The Court Jester (1955)

Jeri's pick for Movie Night last night was The Court Jester, starring all sorts of familiar faces. Danny Kaye, of course, was the main attraction, but I also spied Basil Rathbone, Angela Lansbury, and the mom from Mary Poppins (all young and attractive).

The movie is a Farce For All Seasons. It is chock-full of goofy concepts that are introduced throughout the movie (all the way to the end): first, a former circus performer must transform into an old man in order to smuggle a baby into a castle; then he must assume the identity of a court jester (who is, unbeknownst to him, also a master assassin hired to kill several nobles), and get the keys to secret passageway in the castle that will enable them to put the rightful king (the baby -- who has a purple pimpernel on his butt signifying his royal blood) on the throne; once in the castle, he must locate the other mole by whistling a particular tune, but he mistakes an evil noble for this mole and dismisses the good guy as a peasant; he meets the king who quizzes him on his supposed Italian background, so he has to BS his way out of it; then he is hypnotized by the princess's witch into becoming a dashing hero who will win the princess's heart (the sound of a snap brings him in and out of this condition, of course, so you can see where this leads); then his love interest is accidentally chosen to be the king's wench for the weekend; then he is discovered and made to fight this big brute guy, but before the match, his armor is struck by lighting, which magnetizes it; the witch also poisons one of the cups of wine that will be drunk before the match, and he must remember which is which; the guy he is fighting also discovers the poison, and must try to figure it out ("The poison is in the pestle, while the chalace of the palace holds the brew that is true!" ** "Now the pestle has the brew that is true, and the flagon with the dragon holds the poison!"); then he gets into a sword fight with Basil, and keeps snapping which switches him between himself and a master swordsman; meanwhile the secret passageway has collapsed, leaving a hole big enough for children (or the little people that he is friends with at the beginning!).

I'm probably leaving some of it out.

This was my first Danny Kaye movie, and it's easy to see his appeal. He's a very talented singer, dancer, and actor. He was perfect for this sort of comedy, and carries the show the whole way.

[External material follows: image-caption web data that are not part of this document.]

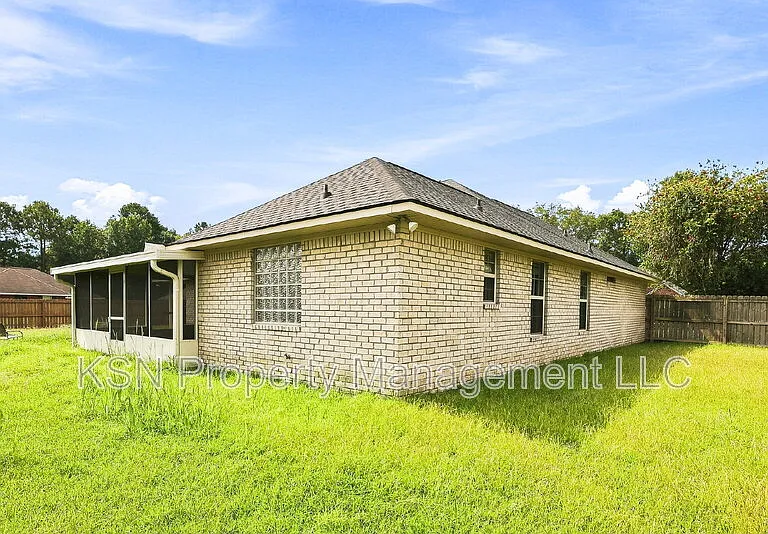 17 Arbor Ridge Way — Photo 24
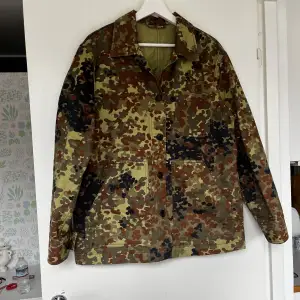 Fin skjortjacka i camouflagemönster från & Other Stories. Knappt använd, i väldigt fint skick! Storlek 36 men oversized  100% bomull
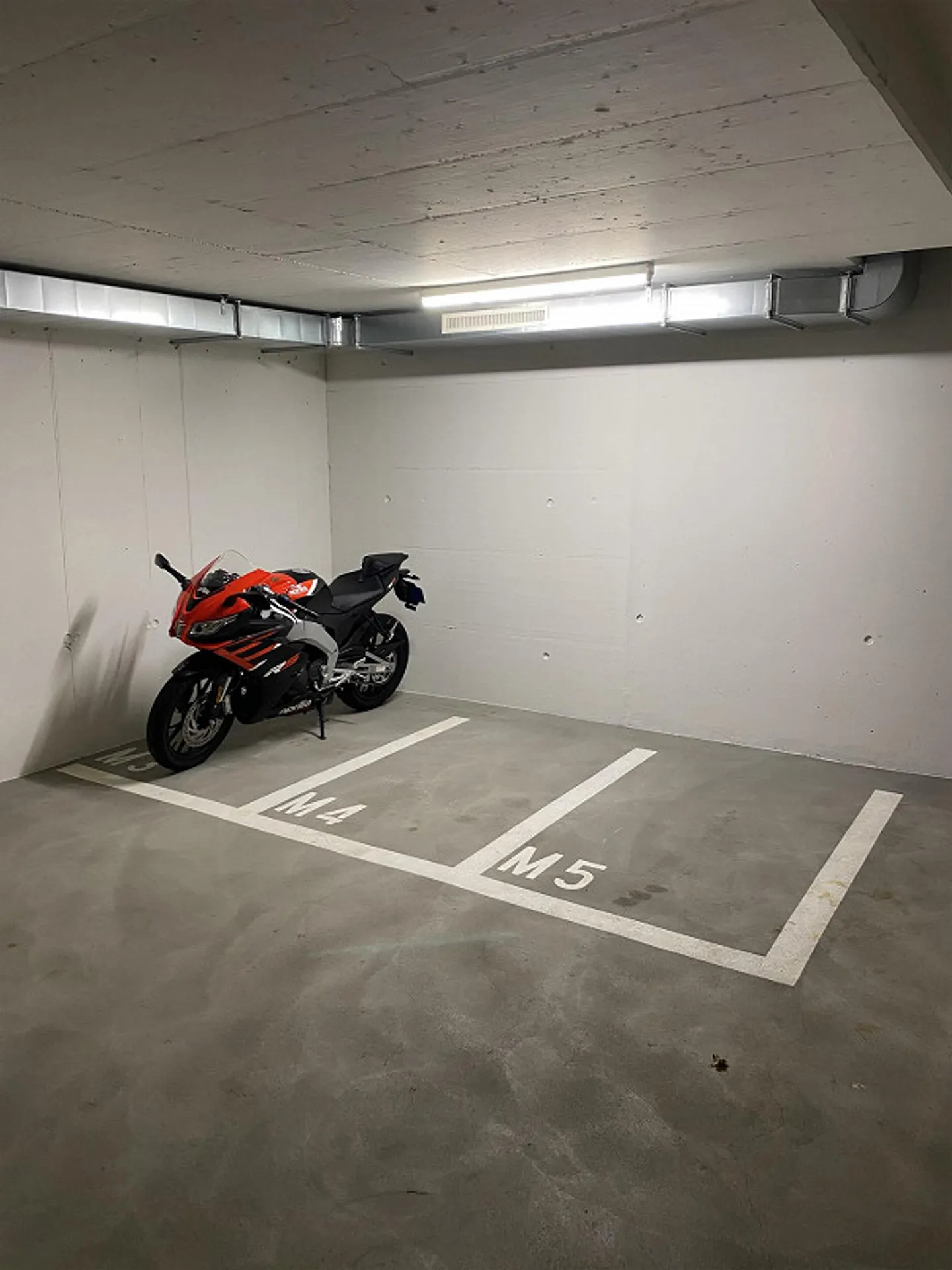 2 posti auto in un affascinante garage sotterraneo (nuovo progetto edilizio) - Foto 1 di 5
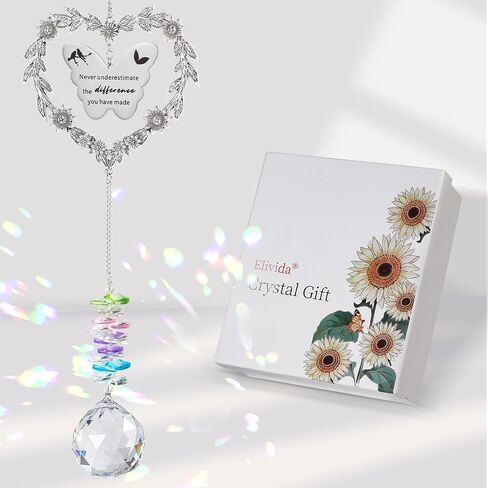 Retirement Gift Sun Catcher, Happy Retirement Gift for Women Men, Retirement 2025 Rainbow Maker for Coworker, Heart-Shaped Metal Wreath Design Ornament, Farewell Crystal Gift for Friends in Saudi Arabia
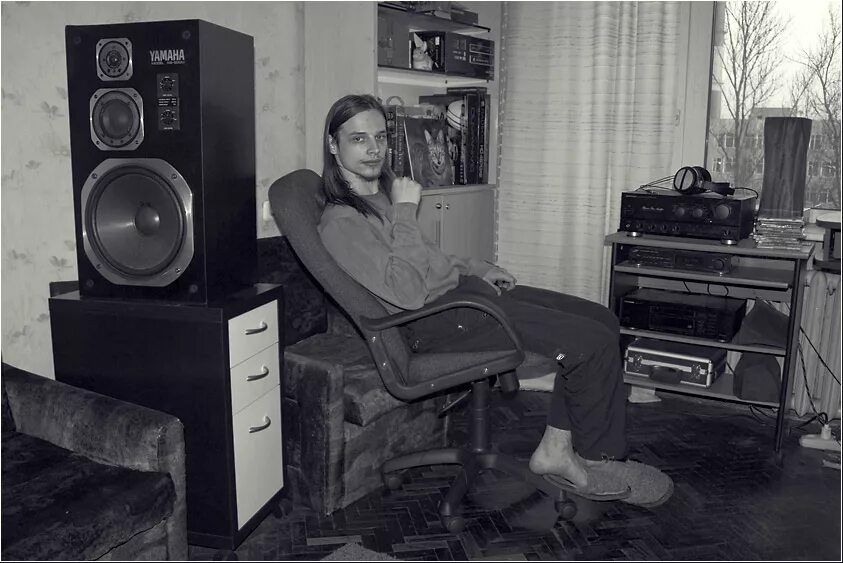 юрий чернавский композитор. парень с пластинкой. магнитофон 90 годов. уголок меломана. иван меломан яровое.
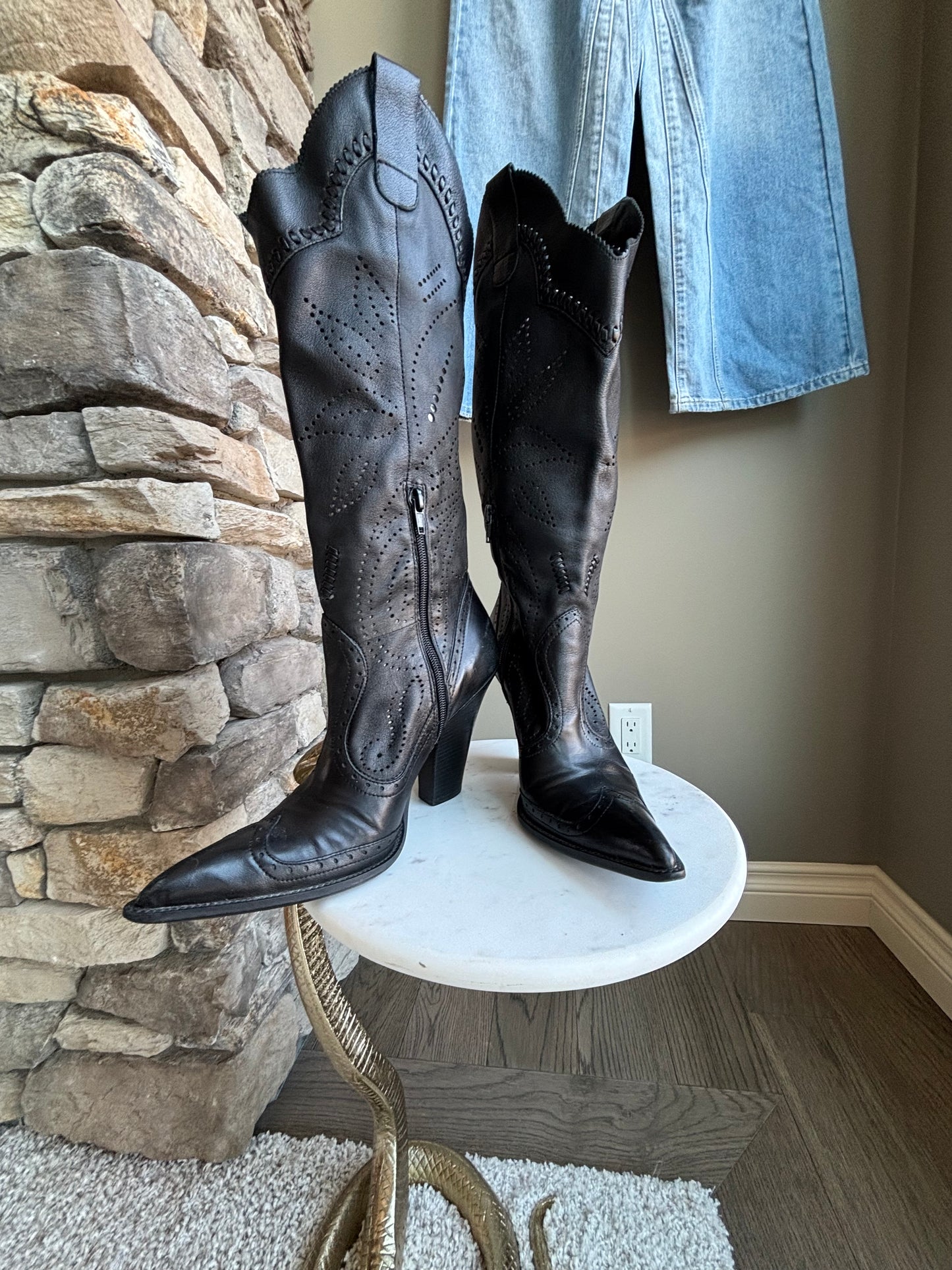 Vintage Black Western Boots – Ladies size 8.5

The only thing I didn't like about the movie was that his contact within the castle, the mole named Fergus, gets tortured and killed off-screen and gives up the secret of the baby king. In the whole rest of the movie he's this earnest, competent, hard-working guy who does his job thanklessly, and that's his reward? To get killed off-screen and be known as the guy who gave up their secrets under torture? We are notified of his torture and death by one line uttered by a villain, then he is never mentioned again. The movie ends on a happy note without another word of acknowledgement towards his role in the success of the plan. Bum deal, man. Reminds me of the cop in The Lookout.

2 comments:

Anonymous said...

You've seen The Lookout? It is your moral duty to report on this hard to find flick!

Ryan said...

I never reviewed The Lookout? Huh. Why is it hard to find? Netflix was very easy.